When I read this recent piece in Wired Magazine, I thought, “Yes! That’s what I’ve been thinking for years!”
The article makes the point that when people are called upon to present their reasoning to others, it actually improves their cognitive ability.
“GOING FROM AN AUDIENCE OF ZERO TO AN AUDIENCE OF 10 IS SO BIG THAT IT’S ACTUALLY HUGER THAN GOING FROM 10 PEOPLE TO A MILLION.
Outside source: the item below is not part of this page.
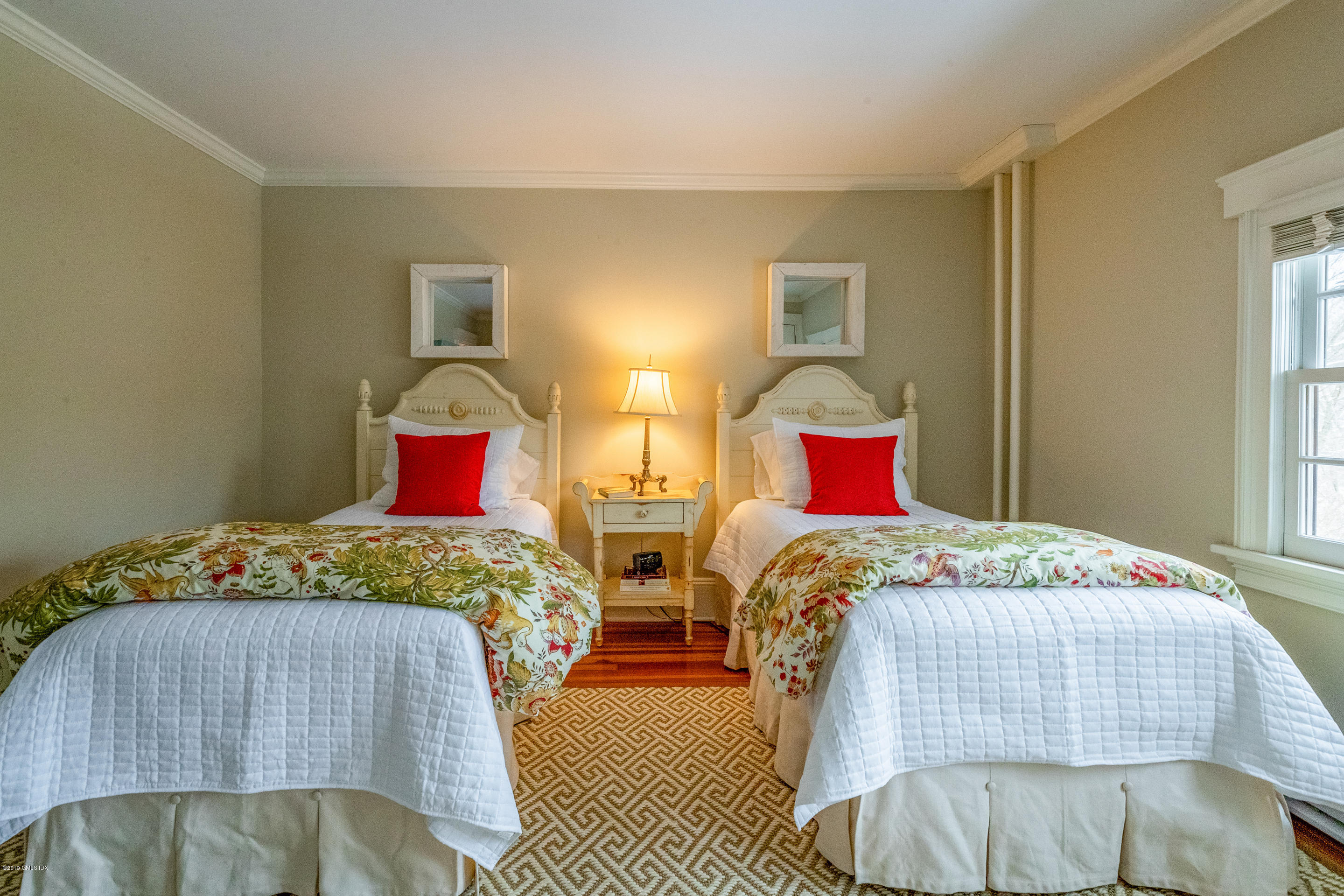 7 Brookside Park Greenwich, CT 06831 - Photo 39 of 52 a bedroom with two bed and window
… a group of Vanderbilt University researchers in 2008 published a study in which several dozen 4- and 5-year-olds were shown patterns of colored bugs and asked to predict which would be next in the sequence. In one group, the children simply repeated the puzzle answers into a tape recorder. In a second group, they were asked to record an explanation of how they were solving each puzzle. And in the third group, the kids had an audience: They had to explain their reasoning to their mothers, who sat near them, listening but not offering any help. Then each group was given patterns that were more complicated and harder to predict.
The results? The children who didn’t explain their thinking performed worst. The ones who recorded their explanations did better—the mere act of articulating their thinking process aloud seemed to help them identify the patterns more clearly. But the ones who were talking to a meaningful audience—Mom—did best of all. When presented with the more complicated puzzles, on average they solved more than the kids who’d explained to themselves and about twice as many as the ones who’d simply repeated their answers.
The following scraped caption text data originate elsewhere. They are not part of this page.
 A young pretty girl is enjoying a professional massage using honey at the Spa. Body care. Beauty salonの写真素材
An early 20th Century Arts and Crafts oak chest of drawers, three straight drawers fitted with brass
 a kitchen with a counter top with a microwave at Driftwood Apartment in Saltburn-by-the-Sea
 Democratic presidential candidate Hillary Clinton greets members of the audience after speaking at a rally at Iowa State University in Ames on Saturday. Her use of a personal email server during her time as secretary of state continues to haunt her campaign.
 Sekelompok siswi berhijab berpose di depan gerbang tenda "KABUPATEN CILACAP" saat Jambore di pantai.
Researchers have found similar effects with adolescents and adults. When students were asked to write for a real audience in another country, their essays had better organization and content than when they were writing for their teacher. When asked to contribute to a wiki—a space that’s highly public and where the audience can respond by deleting or changing your words—college students snapped to attention, carefully checking sources and including more of them to back up their work. Brenna Clarke Gray, an instructor at Douglas College in British Columbia, had her English students create Wikipedia entries on Canadian writers, to see if it would get them to take the assignment more seriously. She was stunned at how well it worked. “Often they’re handing in these essays without any citations, but with Wikipedia they suddenly were staying up till 2 am, honing and rewriting the entries and carefully sourcing everything,” she tells me. The reason, the students explained to her, was that their audience—the Wikipedia community—was quite gimlet-eyed and critical. They were harder “graders” than Gray herself.”